Using Gene Ontology  terms, we also determined that genes involved in acquired immunity, innate immunity, or olfaction are significantly overrepresented (p < 0.001) within human CNVs, along with genes encoding integral membrane proteins. Genes encoding intracellular proteins are significantly underrepresented (see Table 2).
Statistically Significant (p < 10−3) Over- or Under-Representation of Gene Ontology (GO) Categories in Human CNVs
These findings broadly correspond with expectations from Wright's physiological theory  that duplications of haploinsufficient genes improve fitness through selection on increased dosage effects. Haploinsufficient genes are known to be more likely involved in cellular regulation and structure, signal transduction, and various binding functions than are haplosufficient genes . Notwithstanding the underrepresentation of binding proteins, it is notable that several GO terms relating to these functions (for example, intermediate filament, signal transduction, and transmembrane receptors) are overrepresented among CNV genes.
Previous comparisons of mammalian sequences indicate that genes whose functional categories we find to be overrepresented in CNVs (Table 2) frequently have duplicated and/or evolved adaptively, due to competition between individuals or between host and parasite or pathogen [12,31,32]. We can interpret these results (see Discussion) as being consistent with positive selection having acted on some CNV genes within the history of modern humans (approximately last 100,000 y). If so, we might expect CNV genes, on average, to have also accumulated an unusually high number of amino acid-changing (nonsynonymous) substitutions compared with silent (synonymous) substitutions over a much longer time period, the 75–100 million y that separate the mouse and human from their last common ancestor. In other words, they should exhibit an elevation in the average KA/KS ratio—the number of nonsynonymous substitutions per nonsynonymous site (KA) relative to the number of synonymous substitutions per synonymous site (KS) —calculated between human and mouse 1:1 orthologues. (Note that only 1:1 orthologues were analysed in order to ensure that lineage-specific paralogues, which often increase their evolutionary rates following duplication , do not contribute to the KA/KS distribution.) Indeed, this is the case. Human CNV genes possess, on average, significantly (p = 1.7 × 10−2) higher KA/KS ratios than those of all 1:1 orthologue pairs (Figure 2). This finding demonstrates that a typical human CNV gene product and its mouse 1:1 orthologue have, on average, diverged unusually rapidly since their common ancestor.
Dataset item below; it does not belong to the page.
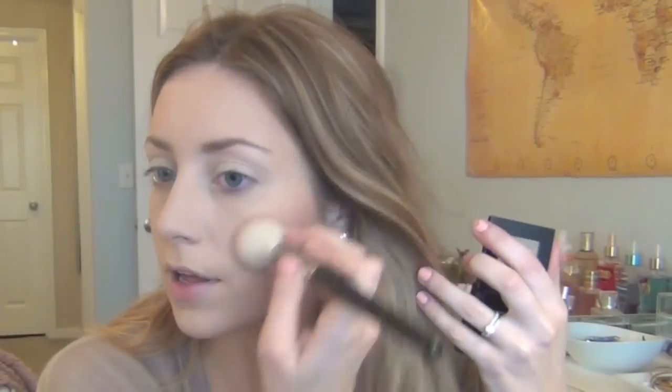For my blush I'm going to use my Bobbi Brown in pale pink. In the pan it looks a lot brighter but it's just a really nice blush. I'm also going to take some highlighter — the Mary Luminizer — and put some right on top of my cheekbones.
(A) KA/KS ratios for all human–mouse orthologue pairs (median KA/KS = 0.094).
(B) KA/KS ratios for orthologue pairs of human genes that are completely encompassed in human CNVs (median KA/KS = 0.112).
(C) KA/KS ratios for orthologue pairs of mouse genes completely encompassed in mouse CNVs (median KA/KS = 0.081). A Kolmogorov-Smirnov test between (A) and (B) demonstrates that KA/KS values are significantly higher, on average, for human genes completely encompassed in human CNVs than for all human–mouse orthologue pairs (p = 1.7 × 10−2). On the other hand, genes completely encompassed in mouse CNVs exhibit significantly lower KA/KS values than all human–mouse orthologue pairs (p = 3.3 × 10−3).
In addition to adaptive evolution, KA/KS ratio elevations could also have arisen from recent relaxation of constraints for many genes. However, the only gene family to have suffered numerous and extensive disruptions of coding sequence during primate evolution is the olfactory receptor gene family [14,35]. When such genes are discarded from our CNV gene dataset, the KA/KS ratio elevation remains significant (p = 1.5 × 10−2). It is thus likely that the KA/KS ratio elevation for CNV genes indicates that they have experienced an unusually large number of adaptive evolutionary events in the past 75–100 million y. This conclusion is consistent with previous reports that segmental duplications contain rapidly evolving gene duplicates [14,15].
Frequencies of Observed CNVs. Gains and Losses
CNV alleles that are beneficial to human individuals should be segregating at higher frequencies in the general population than neutral CNV alleles, and thus should be observed in a greater number of studies. To examine this expectation, we partitioned our CNVs into those that have been observed in two or more studies and those that have been observed once only. We found that CNVs observed in multiple studies exhibited significantly higher protein-coding genes and simple repeat densities, and higher KA/KS values, on average (Table 3). By way of contrast, CNVs observed in only one study (86% of the total) exhibited none of these significant biases (Table 3). These results are consistent with high-frequency CNVs being preferentially retained in the human population due to their adaptive benefit. We also note that if, as might be expected, the set of rarer CNVs contains a greater proportion of misassignments (experimental errors), then the biases in CNV properties summarised in Table 1 will have been underestimated.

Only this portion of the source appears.